"I will be the next president of Russia” was the clear and direct message Prime Minister Vladimir Putin sent when he announced the creation of the All-Russia People’s Front.
On Saturday, a hodgepodge of the front’s representatives appeared at Putin’s residence in Novo-Ogaryovo. Putin held a second meeting with the group on Wednesday. It marks the final end to any hopes that the Twitter-happy President Dmitry Medvedev might have had for re-election, although this was pretty clear long ago.
But before delivering the coup de grace to Medvedev, Putin first killed off the Kremlin's virtual liberal party. Its creation was purportedly Medvedev’s brainchild, with former Kremlin chief of staff Alexander Voloshin and Rusnano CEO Anatoly Chubais placed in charge with organizing the Kremlin-friendly party.
Finance Minister Alexei Kudrin was initially offered the top spot in Right Cause, but he refused it outright. By all indications, Kudrin has his sights on becoming prime minister after Putin regains the presidency and has little interest in getting bogged down in a dead-end position with a party that few people to this day know exists.
Then the job was offered to First Deputy Prime Minister Igor Shuvalov. He mulled over the proposition for a couple weeks and then went to Putin for advice. The national leader told him, “Do what you want, but if I were you I wouldn’t rush into anything.”
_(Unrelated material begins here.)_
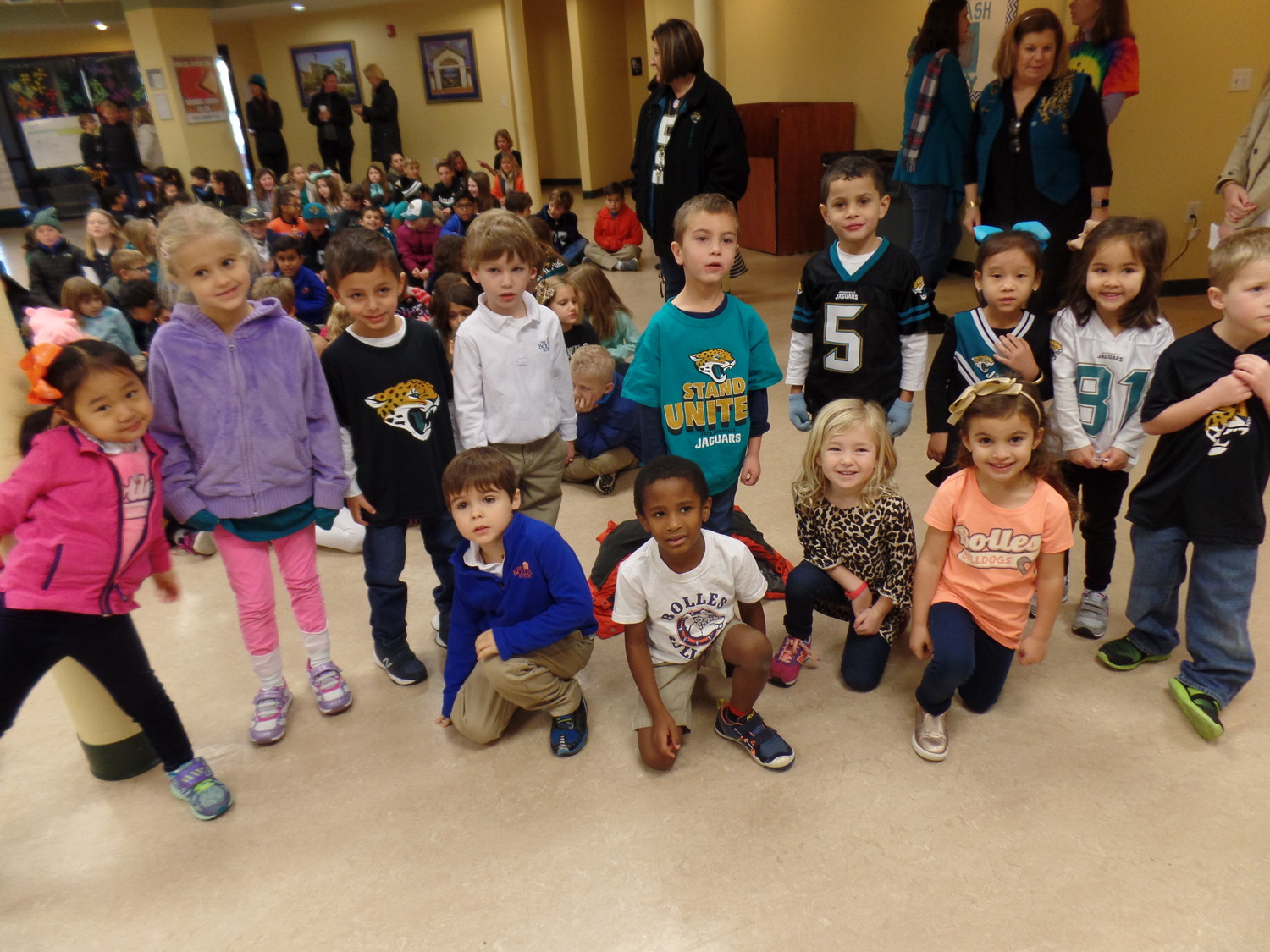The Bolles Lower School Ponte Vedra Beach Campus wore more teal and black than orange and blue Friday, Jan. 19, during the school’s Jaguars Spirit Day leading up to the team’s AFC Championship matchup with the New England Patriots. At the direction of Ponte Vedra Beach Campus Head Peggy Campbell-Rush, students and faculty convened in Ponte Vedra Hall after their flag ceremony for a group chant of “We are Jaguars,” and “Duval.”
Then Putin and his gang went after A Just Russia, headed by the determined defender of muskrats, Sergei Mironov. His party’s only crime is that it is not United Russia. That is, it was created according to the political concept: “Everyone who doesn’t want to vote for United Russia should have an alternative.” But now that concept has been narrowed to: “Everybody should vote for Putin.”
I can picture Putin and Medvedev discussing Medvedev’s political future:
Medvedev says, “I want to be president.”
Putin replies: “I’ve got United Russia plus the entire people’s front backing me. Who have you got?”
Putin wanted his announcement of the new front to sound like a menacing roar from the national leader: “I’m in charge!”
But Putin’s roar comes off pretty meek. Although he calls his organization the people’s front, it isn’t at all clear what this front is supposed to be fighting against. In the Soviet period, similar fronts were created to fight “bloody bourgeois regimes” in the West and “capitalists who drink the blood of the people.” But who are Putin’s front members — pensioners, factory workers, veterans, women’s groups, automobile owners — supposed to be fighting in post-Soviet Russia? Former Yukos CEO Mikhail Khodorkovsky? Without any help from the front, he will spend many more years in prison anyway. Maybe the front was intended to fight Medvedev? But who needs the front when Medvedev was a long time ago doomed to be an eternal lame duck on the country’s political landscape.
And what is the people’s front supposed to be fighting for? For Putin’s right to build another multimillion-dollar palace for himself? For the political and business elite to get off scot-free after committing bloody road rage using their flashing blue lights? For the right of tax officials with annual household salaries of $40,000 to buy a luxury villas in Dubai and Montenegro?
Who will be the avant-garde of this front? Who will defend the expanded version of “the party of crooks and thieves” and carry Putin on their shoulders into a new presidency? They are a bunch of nobodies — so much so that we don’t even know their names. The public is simply informed that: “On Saturday, representatives of the Russian Union of Industrialists and Entrepreneurs, the Russian Federation of Independent Trade Unions, the Russian Pensioners Union, Young Guard, United Russia, the Union of Afghanistan Veterans, the Women’s Union of Russia and others” had a meeting with the prime minister. By strange coincidence, this is roughly the same list of organizations that signed the notorious open “letter of 55” earlier this year in opposition to Khodorkovsky.
In contrast, look at the open letter in support for Khodorkovsky that was signed by the respectable writers Boris Strugatsky and Boris Akunin, actress Lia Akhedzhakov, actor Oleg Basilashvili, film director Eldar Ryazanov, theatrical director Kama Ginkas and television journalists Vladimir Pozner and Leonid Parfyonov.
During elections, Russian voters are often bused to polling stations to vote for United Russia candidates. In a similar fashion, “representatives of the people” were bused in to Putin’s residence to create a new popular front. Are we supposed to be impressed?
Yulia Latynina hosts a political talk show on Ekho Moskvy radio.